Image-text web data
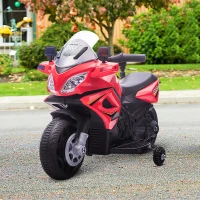 HOMCOM Kids 6V Electric Ride On Motorcycle Police Car Vehicle w/ Lights Horn Realistic Sound Outdoor Play Toy for 18 - 36 months Red(m-10)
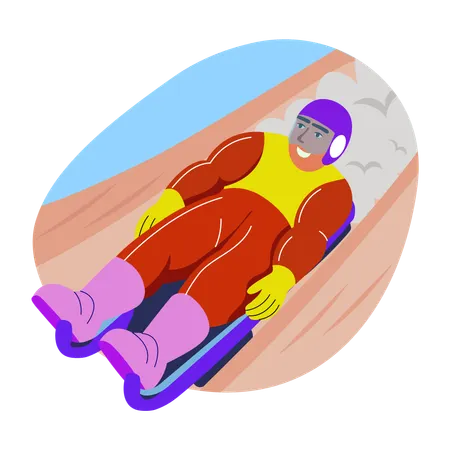 Olympic Luge racer  Illustration
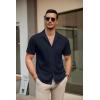 imageCOOFANDY Mens Short Sleeve Dress Shirts Button Down Untucked Wrinkle Free Shirts Casual Summer Shirt with PocketBlackberry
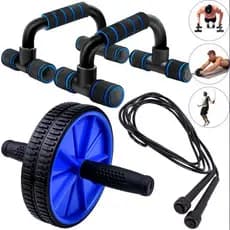 Kit Fitness Roda Abdominal Barra de Flexão e Corda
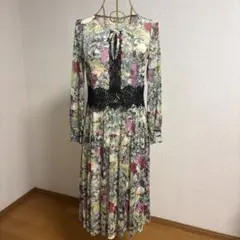 ANNA SUI アナスイ シルク100% 花柄ストライプ ワンピース USA - メルカリ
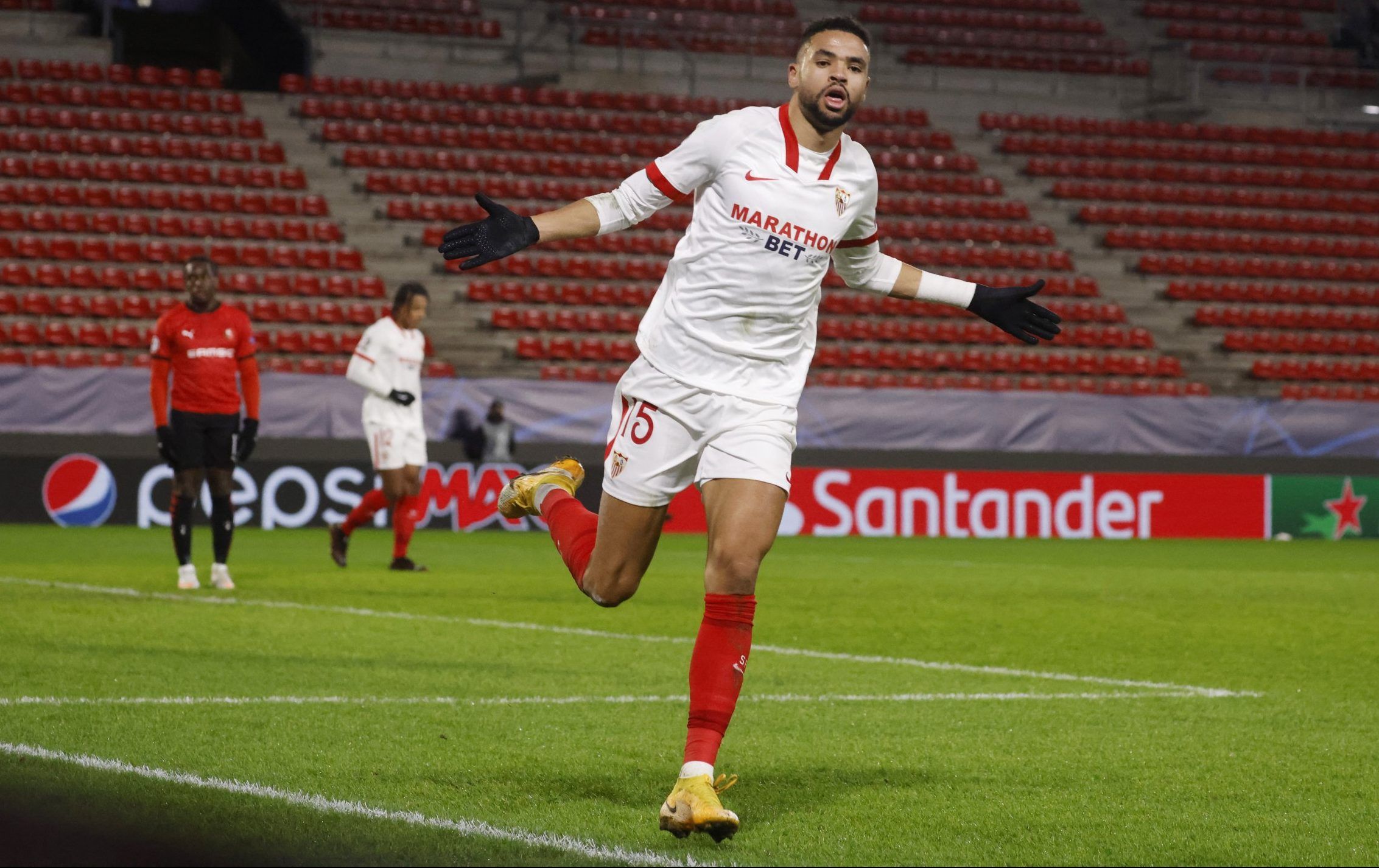 sevilla forward youssef en nesyri celebrates scoring against rennes in the champions league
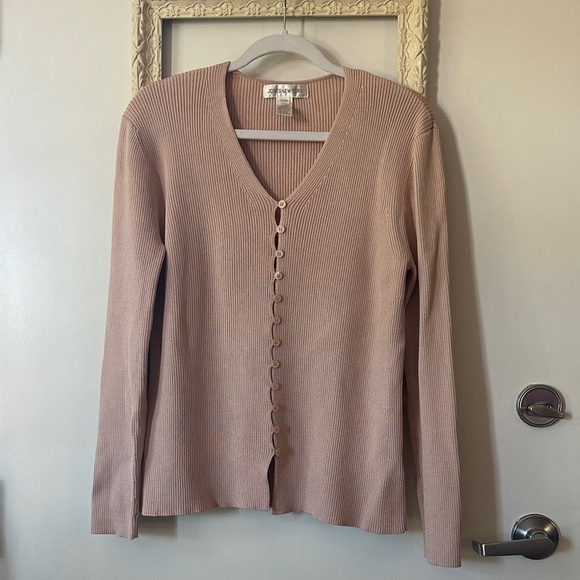 JONES NEW YORK | Y2K Light Muted Rose Ribbed Cardigan Button Up - Picture 2 of 16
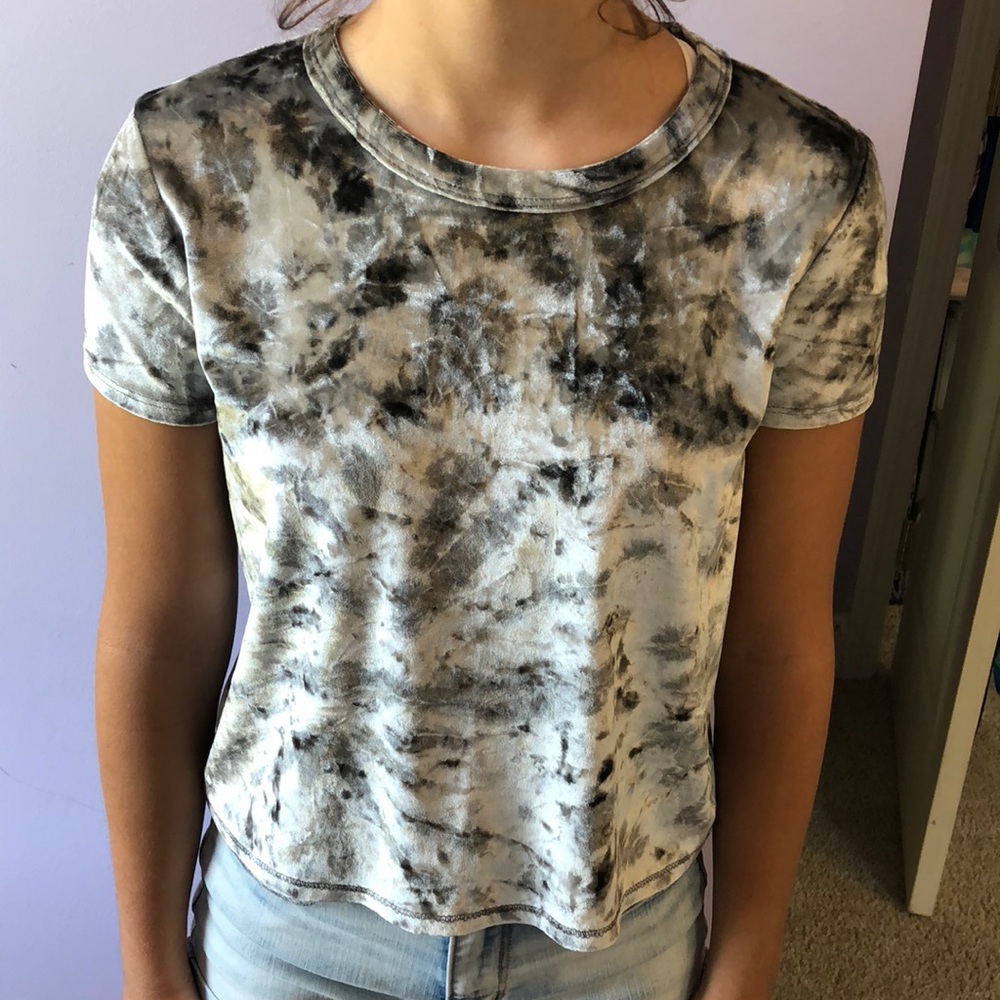 Grey velvet shirt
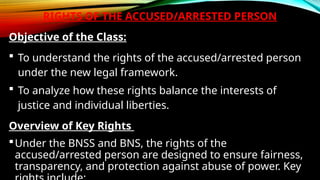 RIGHTS OF THE ACCUSED OR ARRESTED PERSON (INTRODUCTION TO HUMAN RIGHTS ...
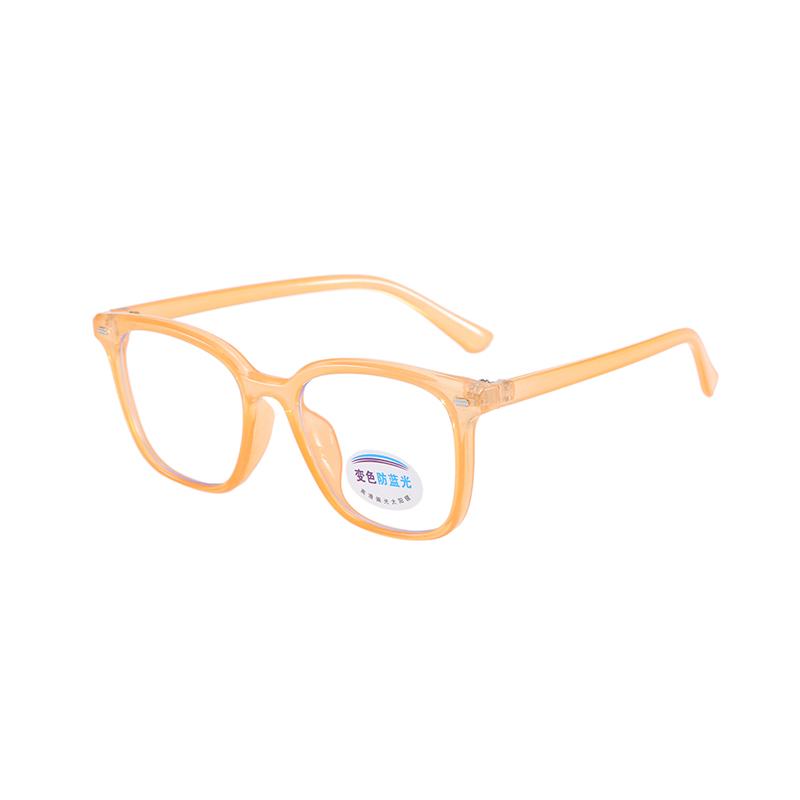 Photochromic Square Rice Nail Children's Eyeframe Color Change Anti Blue Light Flat Mirror Glasses Cute Boys And Girls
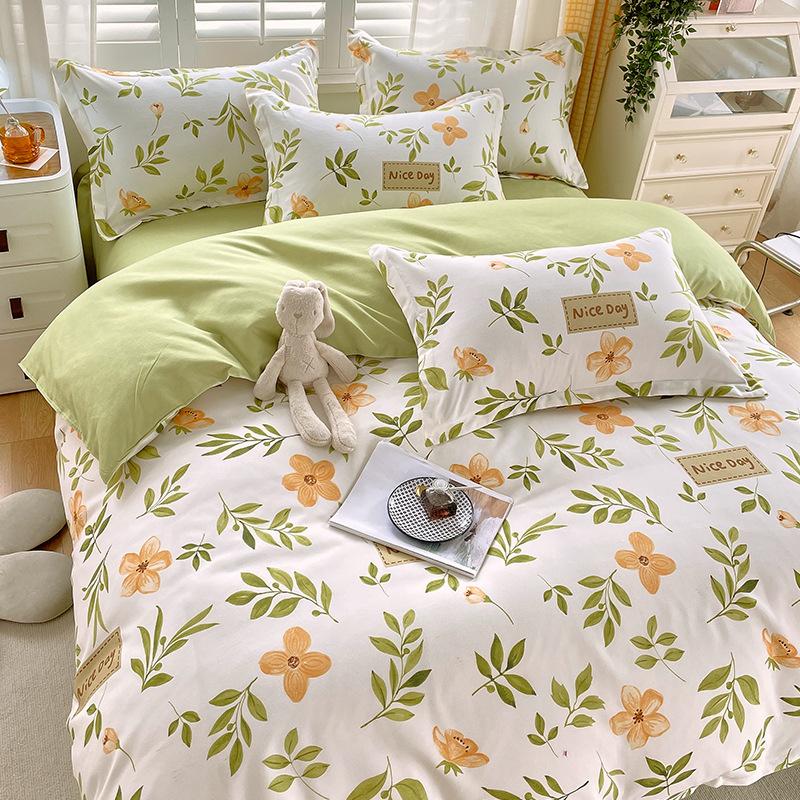 Small Fresh Pure Cotton Brushed Four-piece Set Thickened Washed Cotton Sheets and Quilt Covers Dormitory Three-piece Bedding Set
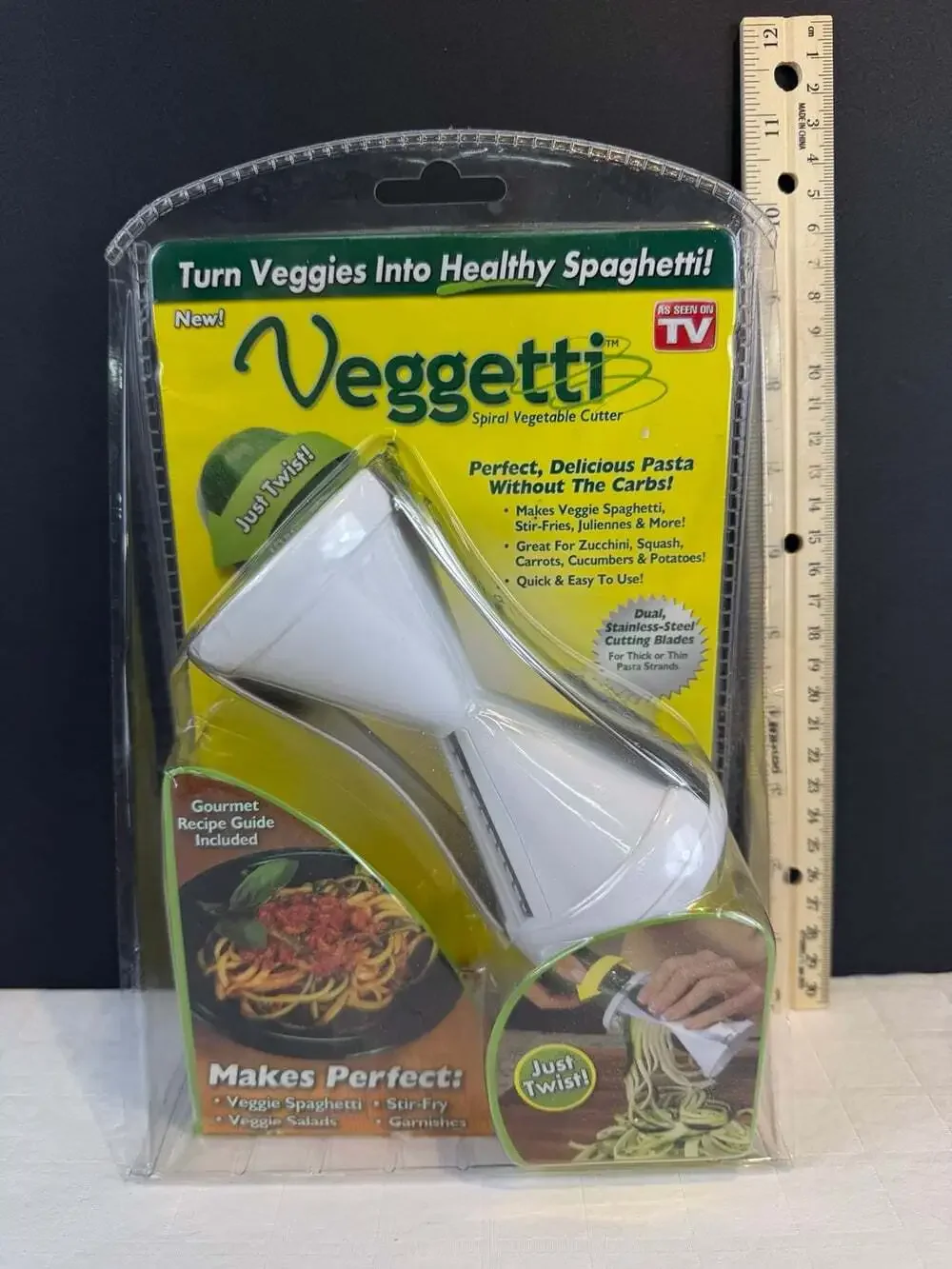 Veggetti Hand Held Spiralizer White Spiral Vegetable Cutter Slicer Veggie Pasta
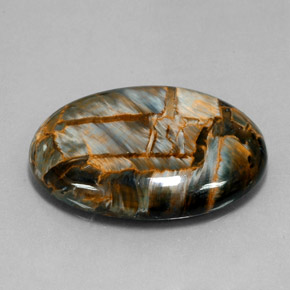 30.34캐럿 천연 회청색 피터사이트, 타원형 컷, 30.1×22.1 mm, 불투명체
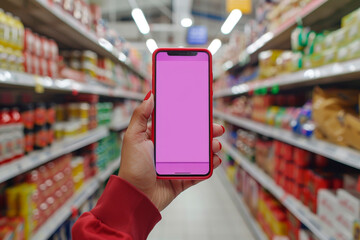 mockup of a mobile phone screen in hand against the background of retail food shelves in a supermarket. Concept: online shopping through an application, remote sale
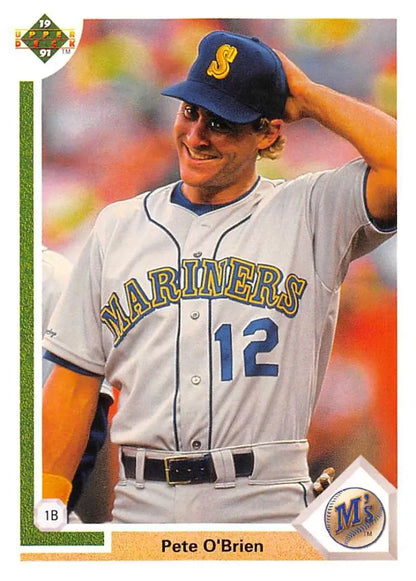 Seattle Mariners player Pete O’Brien in jersey number 12 for 1991 Upper Deck card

■ TASK OBJECTIVE: Restate each entry word for word, please, but drop any images it holds.

■ TASK OUTPUT:
 HOMCOM Kids 6V Electric Ride On Motorcycle Police Car Vehicle w/ Lights Horn Realistic Sound Outdoor Play Toy for 18 - 36 months Red(m-10)
 Olympic Luge racer  Illustration
 imageCOOFANDY Mens Short Sleeve Dress Shirts Button Down Untucked Wrinkle Free Shirts Casual Summer Shirt with PocketBlackberry
 Kit Fitness Roda Abdominal Barra de Flexão e Corda
 ANNA SUI アナスイ シルク100% 花柄ストライプ ワンピース USA - メルカリ
 sevilla forward youssef en nesyri celebrates scoring against rennes in the champions league
 JONES NEW YORK | Y2K Light Muted Rose Ribbed Cardigan Button Up - Picture 2 of 16
 Grey velvet shirt
 RIGHTS OF THE ACCUSED OR ARRESTED PERSON (INTRODUCTION TO HUMAN RIGHTS ...
 Photochromic Square Rice Nail Children's Eyeframe Color Change Anti Blue Light Flat Mirror Glasses Cute Boys And Girls
 Small Fresh Pure Cotton Brushed Four-piece Set Thickened Washed Cotton Sheets and Quilt Covers Dormitory Three-piece Bedding Set
 Veggetti Hand Held Spiralizer White Spiral Vegetable Cutter Slicer Veggie Pasta
 30.34캐럿 천연 회청색 피터사이트, 타원형 컷, 30.1×22.1 mm, 불투명체
 mockup of a mobile phone screen in hand against the background of retail food shelves in a supermarket. Concept: online shopping through an application, remote sale
 Seattle Mariners player Pete O’Brien in jersey number 12 for 1991 Upper Deck card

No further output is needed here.